Banks is seeking to fill the seat now held by Sen. Mike Braun (R-Ind.), who will run for Indiana governor in 2024.
Daines’ predecessor at the helm of Senate Republicans’ campaign arm, Sen. Rick Scott (R-Fla.), did not endorse candidates during the 2022 primaries.
The committee’s strategic maneuvers are playing out against the backdrop of Senate Republicans’ lackluster performance during the midterms.
Senate Minority Leader Mitch McConnell (R-Ky.) singled out Trump’s endorsements in the cycle for criticism.
“Our ability to control the primary outcome was quite limited in 2022 because the support of the former president proved to be very decisive in these primaries.
The Montana senator said the former commander-in-chief “helped our party raise a lot of money” and “energized our base.”
Against the “candidate quality” narrative, some have argued that Republican insiders did not do enough to support all of the men and women backed by Trump.
In November 2022, Arizona Senate candidate Blake Masters told Fox News’ Tucker Carlson that McConnell’s spending against Alaska Republican Senate primary candidate Kelly Tshibaka showed the longtime Kentucky lawmaker was “incompetent.”
Masters also criticized McConnell for the Senate Leadership Fund’s financial decisions in the run-up to November’s election.
The Super PAC opted to channel money away from Masters’ Arizona contest, which pitted the Silicon Valley venture capitalist against incumbent Sen.
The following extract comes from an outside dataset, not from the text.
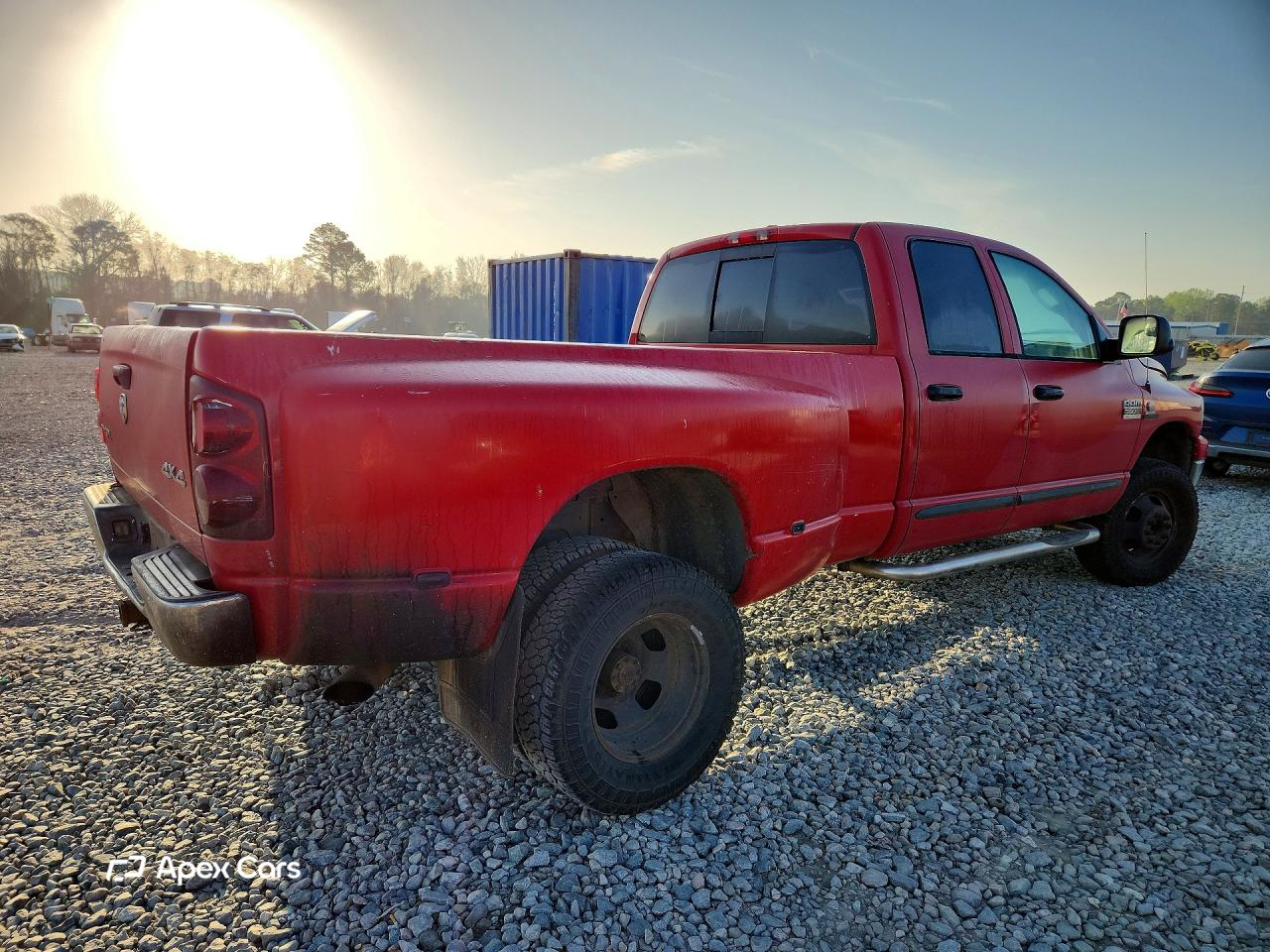 Dodge RAM 2007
Mark Kelly (D-Ariz.), a retired astronaut.
“Had he [McConnell] chosen to spend money in Arizona, this race would be over, and we would be celebrating a Senate majority,” he said.
For now, though, Rep. Banks’ (R-Ind.) success in garnering support from other Republicans doesn’t exactly seem like a blow to Trump’s influence on the GOP—a party that the former president has significantly reshaped through his rhetoric on trade, immigration, and “the Swamp” of permanent Washington.
While the field looked more crowded in December, no other major contender emerged on the Republican side. Daines’ endorsement looks less risky.
Banks, a conservative congressman who supported Trump’s 2020 presidential candidacy, invited the former president to campaign with him in a January 2023 interview with the Daily Mail.
He also declared his support for Trump’s 2024 presidential bid.
The Epoch Times has reached out to Daines for comment.